Italian turkey and eggplant pieWe got eggplant in our box again this week. I am glad that the eggplants we are getting this year are smaller than last year. (We are not big eggplant fans.) I found this recipe for an eggplant “pot pie” at and thought it looked good. It was! My husband ate it leftover today for lunch, so he must have liked it. I adjusted the ingredients a little, substituting and adding to our taste.

Italian Turkey and Eggplant Pie
Recipe type: Main
Prep time: 
Cook time: 
Total time: 
Serves: 4
  • 2½ cups cubed eggplant
  • ¼ cup butter
  • ½ pound lean ground turkey
  • ½ cup onion, chopped
  • 1 rib celery, chopped
  • 1 clove garlic, minced
  • 8 ounces tomato sauce
  • 2 tablespoons minced fresh parsley
  • 3 tablespoons minced fresh basil
  • 2 teaspoons dried oregano
  • ⅛ teaspoon pepper
  • 1 unbaked deep dish pastry shell
  • ½ cup shredded mozzarella cheese
  • ¼ cup shredded parmesan cheese
  1. Preheat oven to 375 degrees.
  2. In a medium skillet, saute eggplant in butter until tender, about 5 minutes.
  3. While the eggplant is cooking, cook ground turkey, onion, celery, and garlic in a large skillet until turkey is no longer pink. Add cooked eggplant, tomato sauce, parsley, basil, oregano, and pepper.

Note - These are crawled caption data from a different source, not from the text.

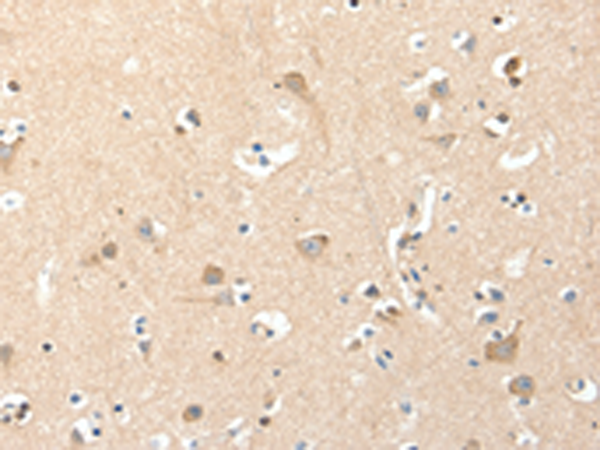 Rabbit Polyclonal Antibody to RRAD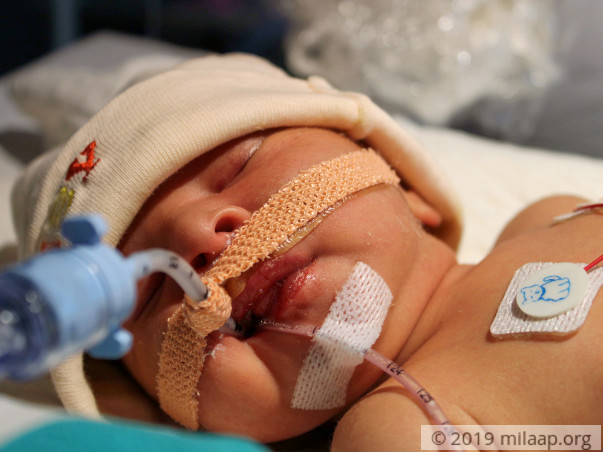 Baby of Rayeesa needs your help to survive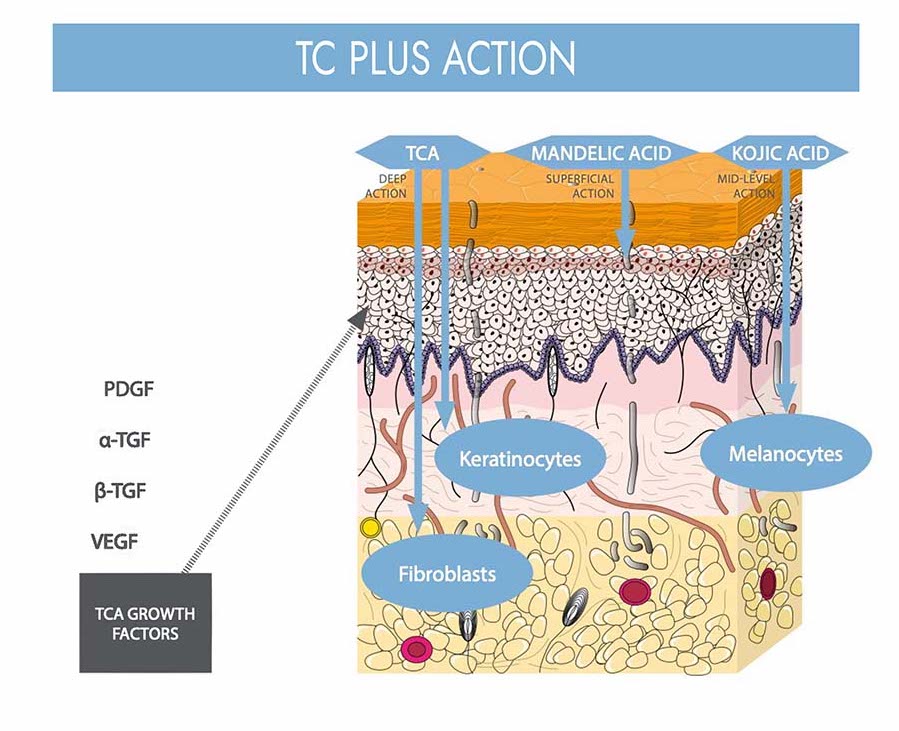 TC Plus Peel In South Africa – An Innovative Dermo-Epidermal Bio-revitaliser From KSurgery ...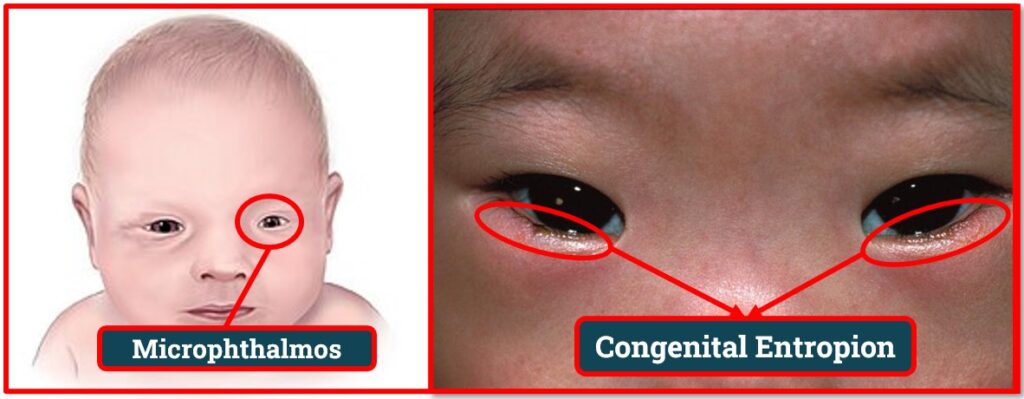 Congenital Entropion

Bring to a boil and then remove from heat.
  4. Prick pastry shell with a fork. Add turkey mixture. Bake for 20-25 minutes.
  5. Sprinkle mozzarella and parmesan over top of pie. Return to oven and bake 5-10 minutes longer, until cheese is melted. Let stand 10 minutes before cutting.

Please send me your suggestions for more things to do with eggplant.

Happy eating!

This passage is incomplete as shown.